Not necessarily words. 

But looks. 
Distance. 
Silence. 

That kind of silence that says everything without saying anything. 

And in that moment, I had to confront a hard truth: 

If someone cannot bring their deepest pain into a place that claims to offer light… 

then something is broken. 

Faith Didn’t Fail — We Did 

It’s easy to blame faith. 

To say religion is outdated, rigid, or disconnected. 

But I don’t think that’s the full picture. 

Because when you actually look at what faith teaches—at its core—it’s not the problem. 

Faith calls for compassion. 
For care. 
For standing with people in their lowest moments. 

If anything, faith should make the Church the safest place for someone living with HIV. 

A place where they are seen. 
A place where they are supported. 
A place where they don’t have to hide. 

But that’s not always the reality. 

And that gap—between what faith teaches and how it’s practiced—is where the problem lives. 

Not in belief. 

In leadership

In culture. 

In the choices we make about what we address—and what we avoid. 

Why Silence Feels Safer (But Isn’t) 

Let’s be honest about something. 

Silence feels safe. 

It avoids controversy. 
It protects reputation. 
It keeps things “orderly.” 

Talking about HIV in church is risky. 

It opens questions you may not have clean answers for. 
It challenges the image of moral control. 
It forces leaders to engage with realities they may not fully understand. 

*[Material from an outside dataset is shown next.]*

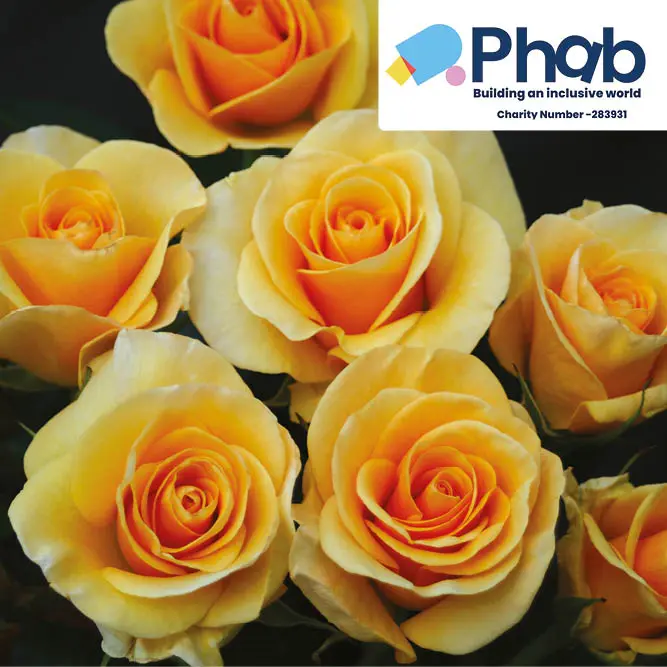 Phab Gold CHAR FL 4.5L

So silence becomes the default. 

Not because it’s right. 

But because it’s easier. 

But here’s the problem: 

Silence doesn’t remove the issue. 
It just removes the support. 

What Silence Actually Does 

We don’t always see the consequences directly. 

But they are there. 

In the young person who delays testing because they fear being seen. 
In the relationship where honesty is replaced by fear. 
In the survivor who chooses not to speak because there is no safe space. 

Silence creates distance. 

And distance creates stigma

And stigma creates isolation. 

It’s a chain reaction—and the Church, whether intentionally or not, becomes part of it. 

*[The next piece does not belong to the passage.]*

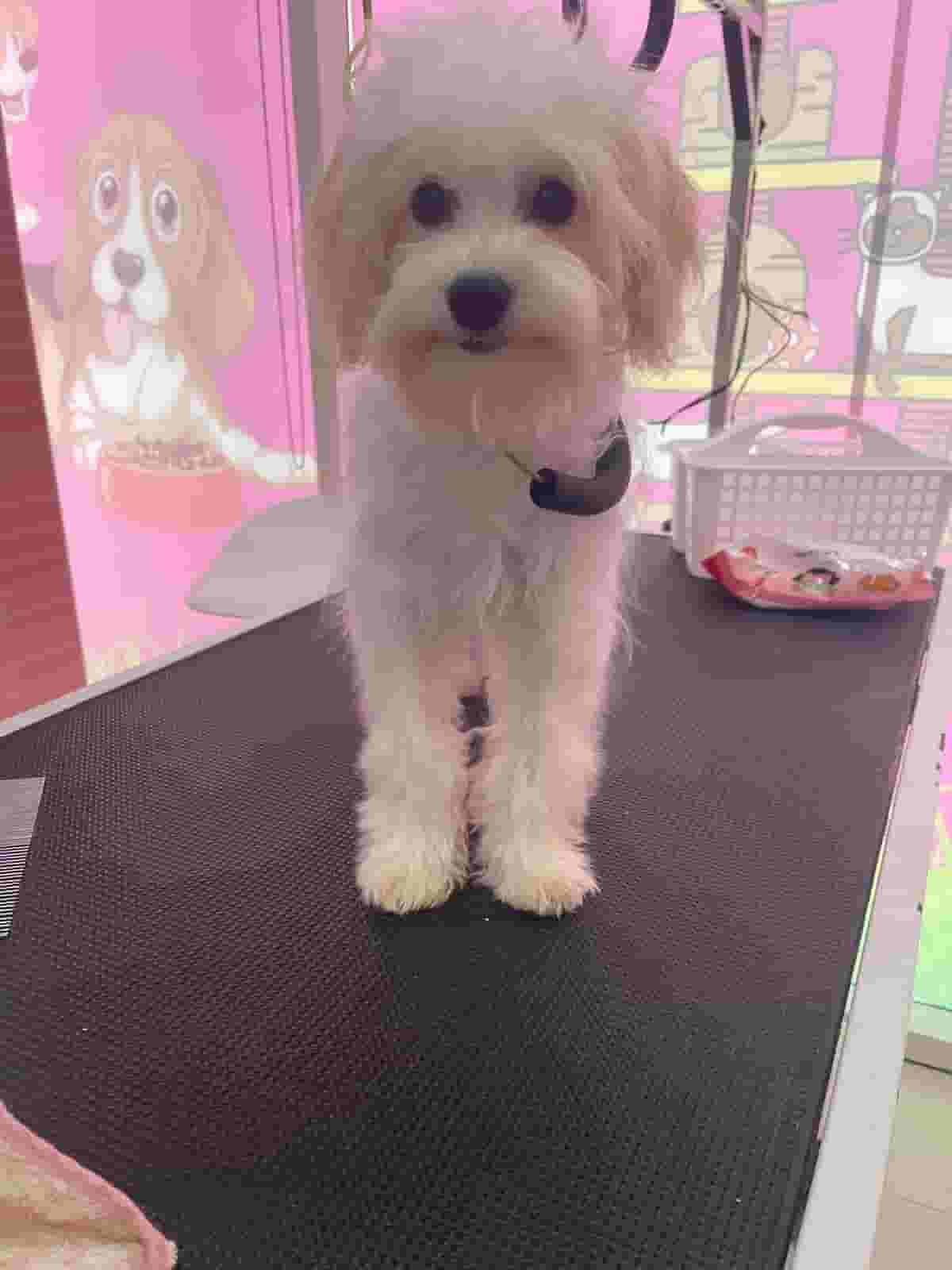 Maltipoo Female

The Moment I Stopped Staying Quiet 

There comes a point where you can’t unsee something. 

Where pretending everything is fine starts to feel dishonest. 

For me, that moment wasn’t loud or dramatic. 

It was gradual. 

A realization that if I cared about faith—if I truly believed in what it stood for—then I couldn’t ignore the gap anymore. 

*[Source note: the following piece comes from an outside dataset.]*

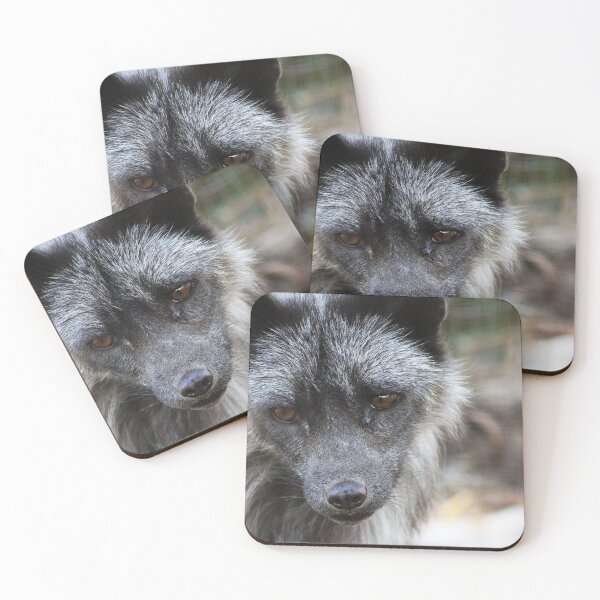 Item preview, Silver Fox designed and sold by Alyce Taylor.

I couldn’t sit through conversations that went deep on theology… 
but shallow on real human experience. 

I couldn’t accept a version of church that felt safe for some… 
and silent for others. 

And I realized: 

Maybe the role isn’t to attack the Church. 

Maybe the role is to challenge it—to call it back to what it claims to be. 

What Courage Could Look Like 

I don’t think the solution is complicated. 

But it does require courage. 

It looks like naming HIV directly—not as a warning, but as a reality. 
It looks like creating spaces where people can talk without fear. 
It looks like leaders being willing to say, “We don’t have all the answers—but we’re willing to listen.” 

It looks like choosing compassion over image. 

Not occasionally. 

Consistently. 

Because people don’t need perfection. 

They need honesty. 

I’m Not Against the Church 

Let me be clear. 

This is not an attack on faith. 

If anything, it comes from believing in it. 

Believing that the Church can be better. 
That it can lead, not avoid. 
That it can confront difficult realities without losing its foundation. 

But belief alone is not enough. 

Because right now, there’s a gap. 

Between what is preached—and what is practiced. 
Between what is said—and what is felt. 

And in that gap… 

…silence grows. 

The Question We Need to Answer 

So here’s the question I keep coming back to: 

What kind of Church do we want to be? 

One that protects its image? 
Or one that protects its people? 

Because you can’t always do both. 

At some point, you have to choose. 

Closing 

Faith is not the problem. 

It never was. 

But silence? 

Silence is costing more than we’re willing to admit. 

And until we confront it—not carefully, not partially, but honestly— 

we will keep creating spaces where people come to worship… 

…but feel like they have to hide. 

And that’s not just a communication problem. 

That’s a failure of what faith is supposed to be.